[[ INFORMATION, beginning ]]

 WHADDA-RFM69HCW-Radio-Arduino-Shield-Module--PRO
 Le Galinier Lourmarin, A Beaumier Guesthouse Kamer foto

[[ INFORMATION, end ]]
[[ INFORMATION, beginning ]]

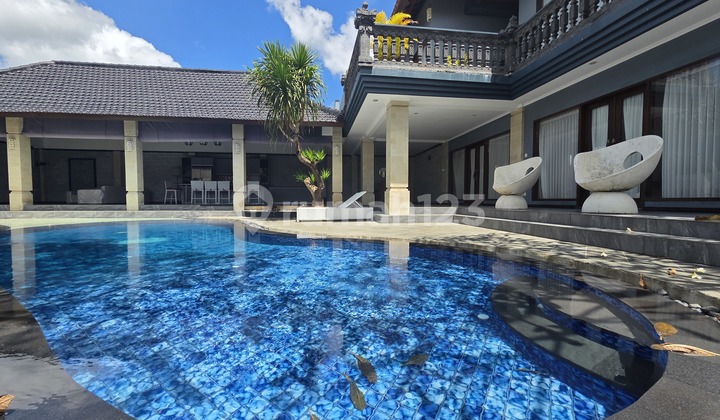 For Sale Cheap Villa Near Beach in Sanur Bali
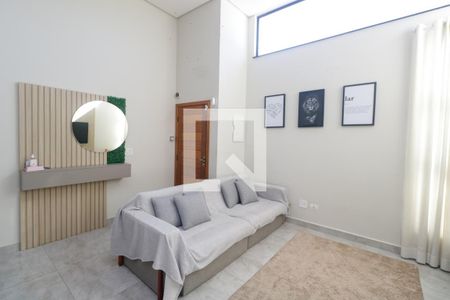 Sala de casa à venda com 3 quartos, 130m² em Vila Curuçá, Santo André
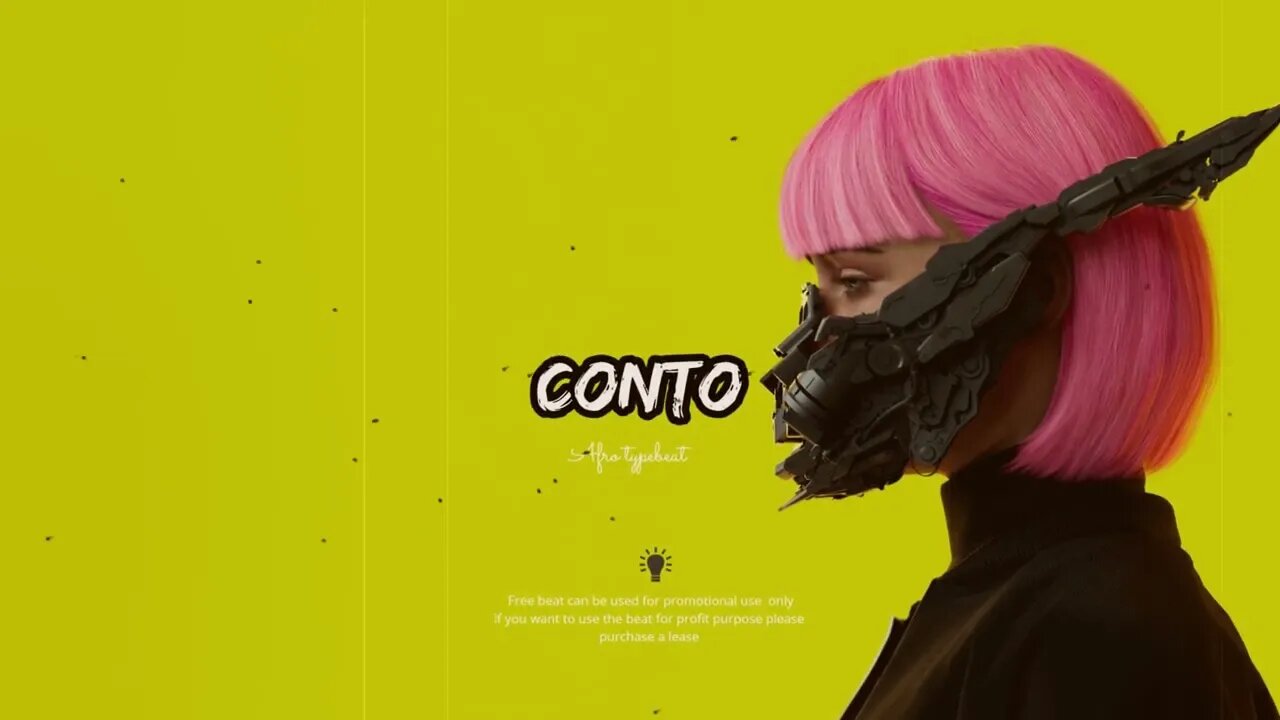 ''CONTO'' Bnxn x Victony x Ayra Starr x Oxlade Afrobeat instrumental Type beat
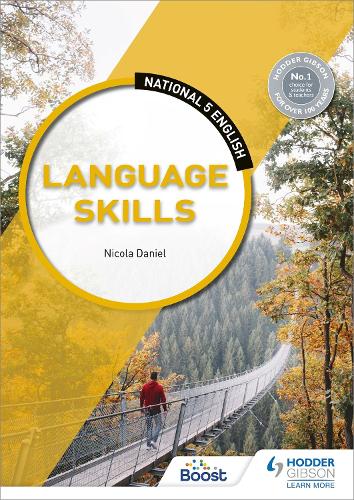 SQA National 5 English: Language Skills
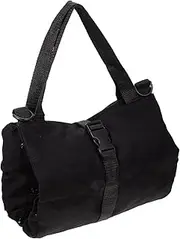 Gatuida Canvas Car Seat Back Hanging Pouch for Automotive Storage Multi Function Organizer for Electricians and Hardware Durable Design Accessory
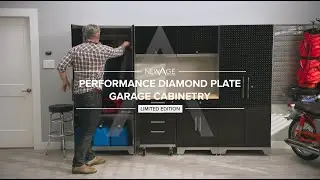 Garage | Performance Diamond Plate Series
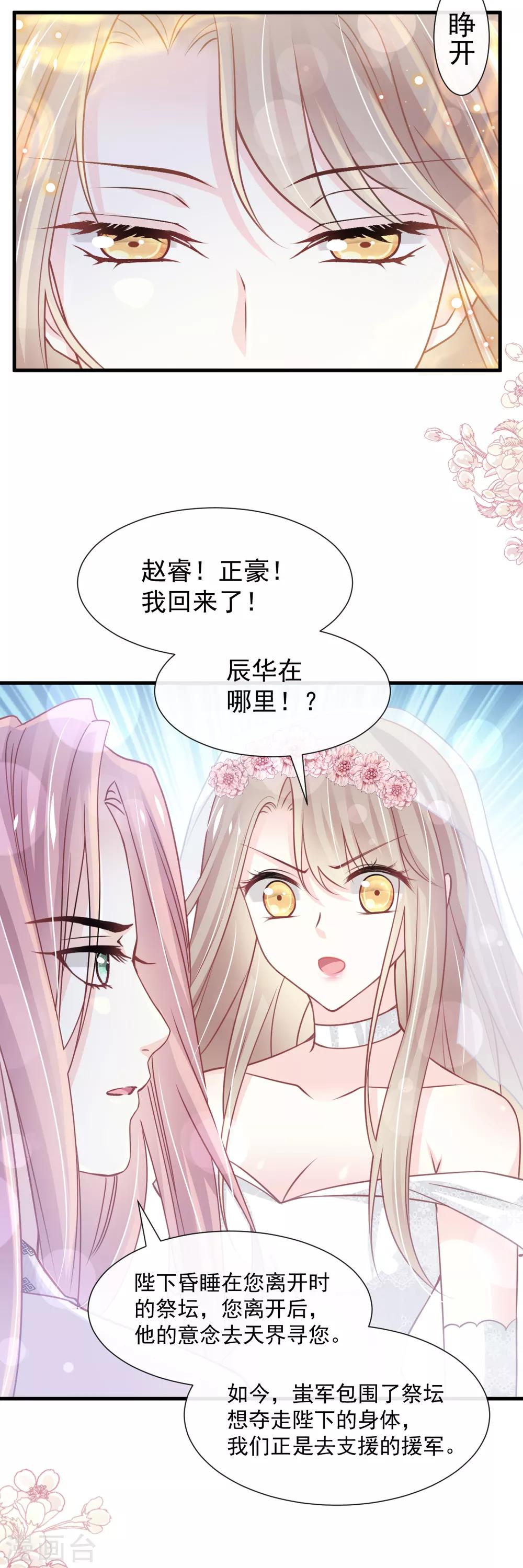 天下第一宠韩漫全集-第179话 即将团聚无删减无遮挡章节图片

[[ INFORMATION, end ]]
[[ INFORMATION, beginning ]]

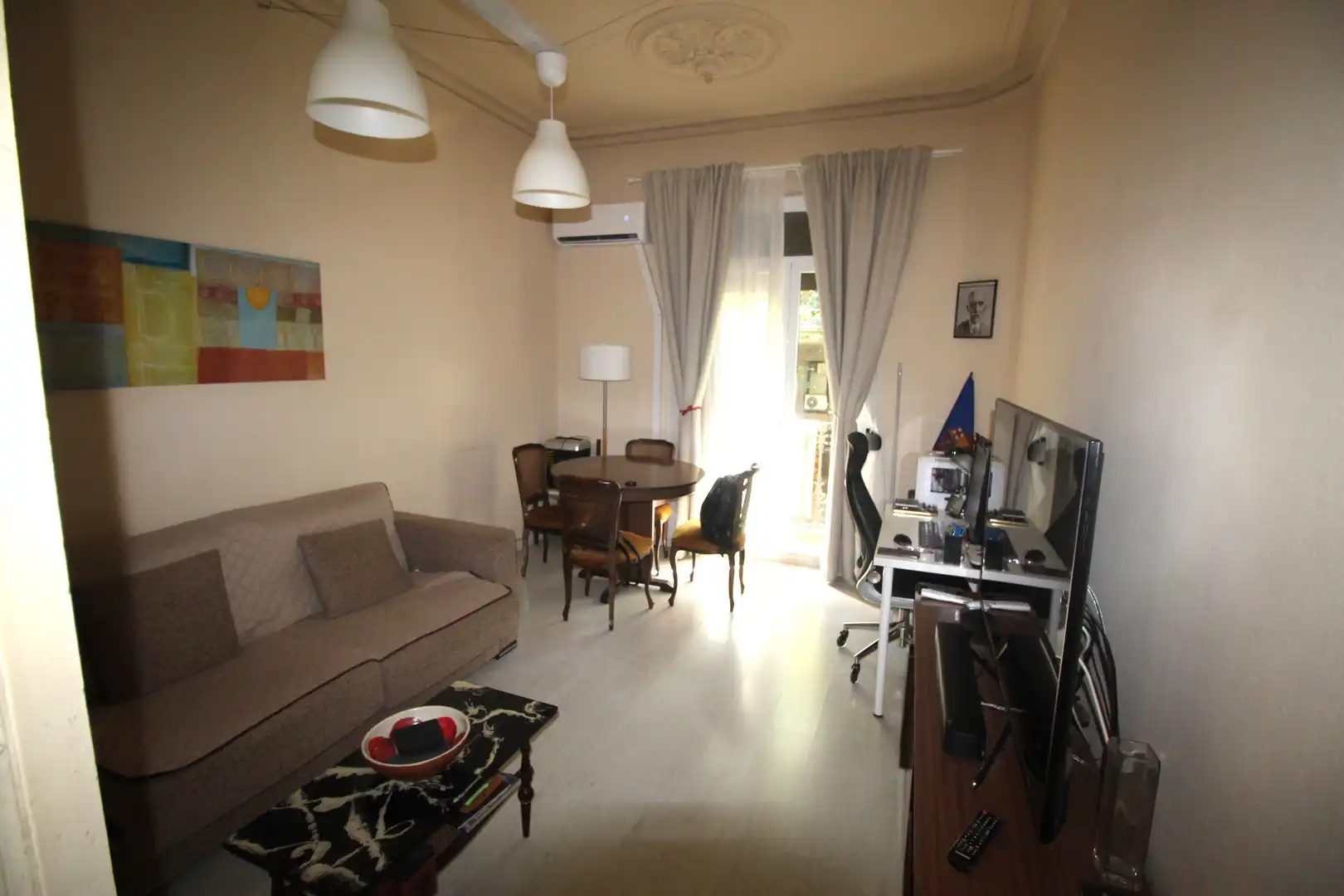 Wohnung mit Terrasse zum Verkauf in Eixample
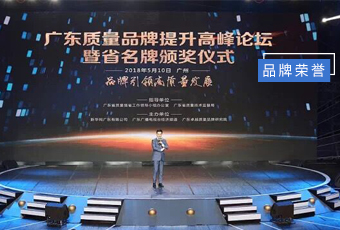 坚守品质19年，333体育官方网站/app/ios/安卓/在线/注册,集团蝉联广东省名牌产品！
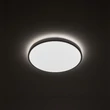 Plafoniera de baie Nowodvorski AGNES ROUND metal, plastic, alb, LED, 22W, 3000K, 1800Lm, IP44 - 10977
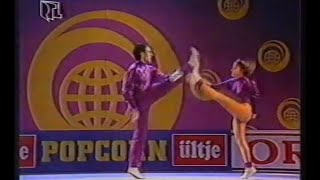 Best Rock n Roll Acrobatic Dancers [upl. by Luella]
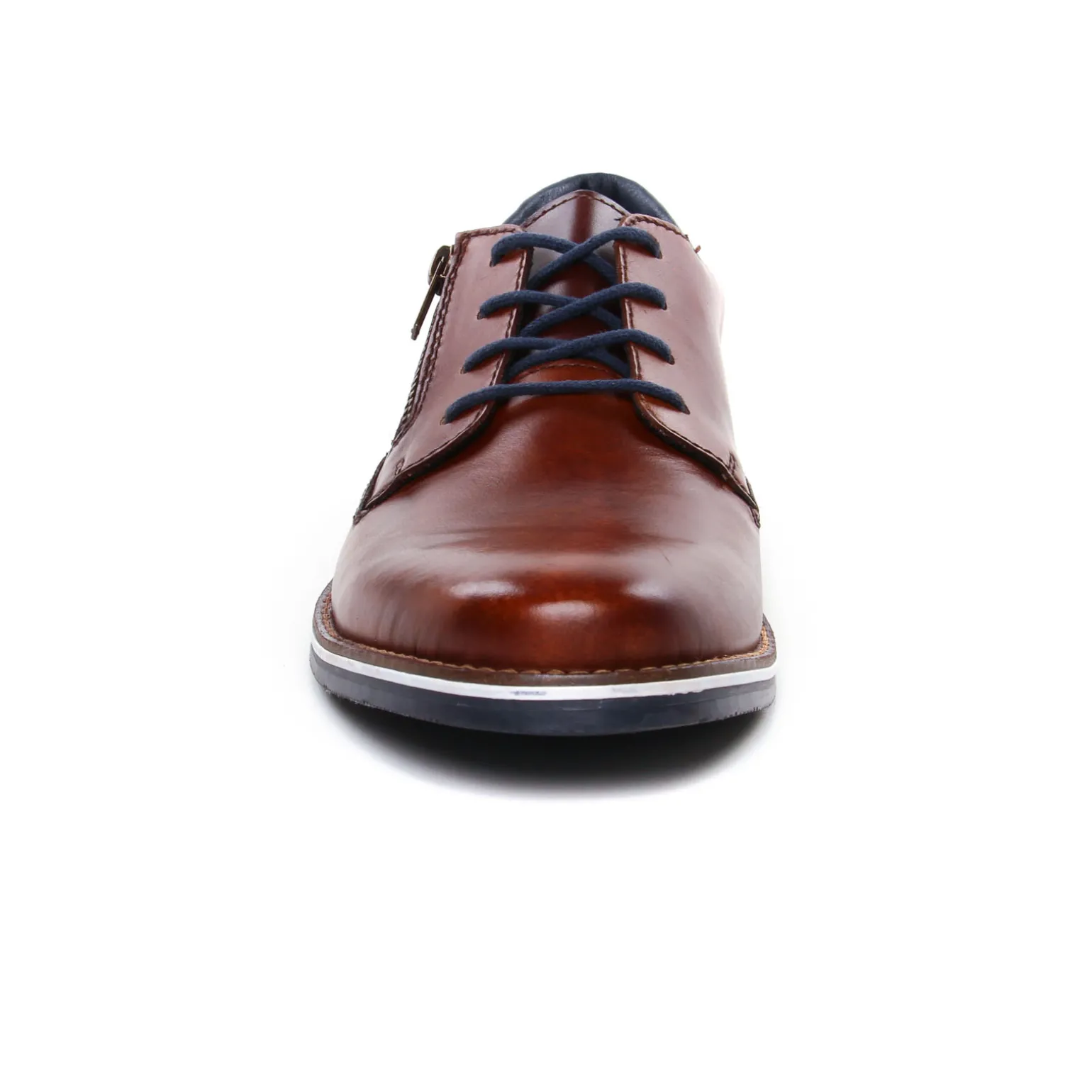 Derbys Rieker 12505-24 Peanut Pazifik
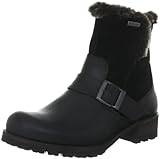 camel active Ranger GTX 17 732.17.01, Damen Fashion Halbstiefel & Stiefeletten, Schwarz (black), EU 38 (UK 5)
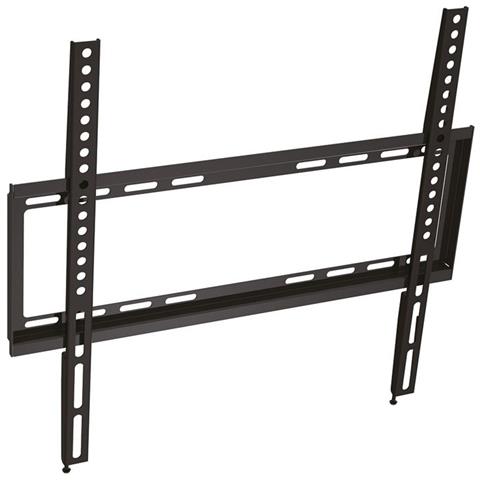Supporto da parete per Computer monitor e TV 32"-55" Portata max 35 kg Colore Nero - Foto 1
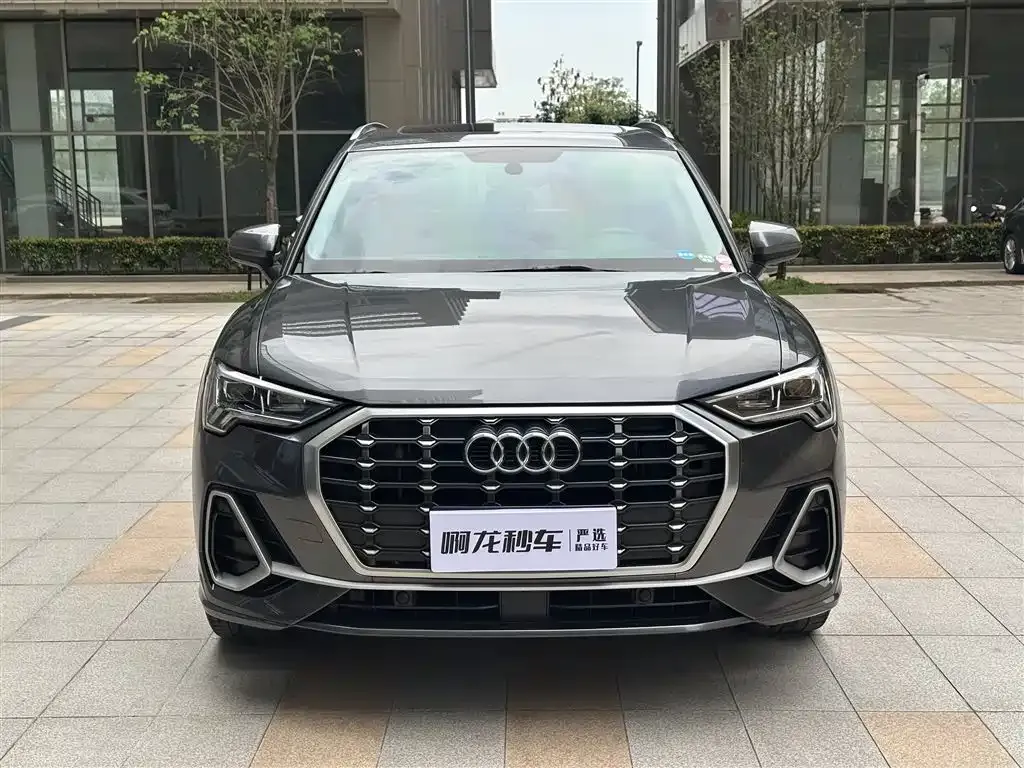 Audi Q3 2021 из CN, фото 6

[[ INFORMATION, end ]]

What is needed is an exact copy of the lines above, from the one holding "Sala de casa" down to the one holding "天下第一宠韩漫全集-第179话 即将团聚无删减无遮挡章节图片", with those two included and the pictures left out.

RESULT OF THIS TASK:
 Sala de casa à venda com 3 quartos, 130m² em Vila Curuçá, Santo André
 ''CONTO'' Bnxn x Victony x Ayra Starr x Oxlade Afrobeat instrumental Type beat
 SQA National 5 English: Language Skills
 Gatuida Canvas Car Seat Back Hanging Pouch for Automotive Storage Multi Function Organizer for Electricians and Hardware Durable Design Accessory
 Garage | Performance Diamond Plate Series
 天下第一宠韩漫全集-第179话 即将团聚无删减无遮挡章节图片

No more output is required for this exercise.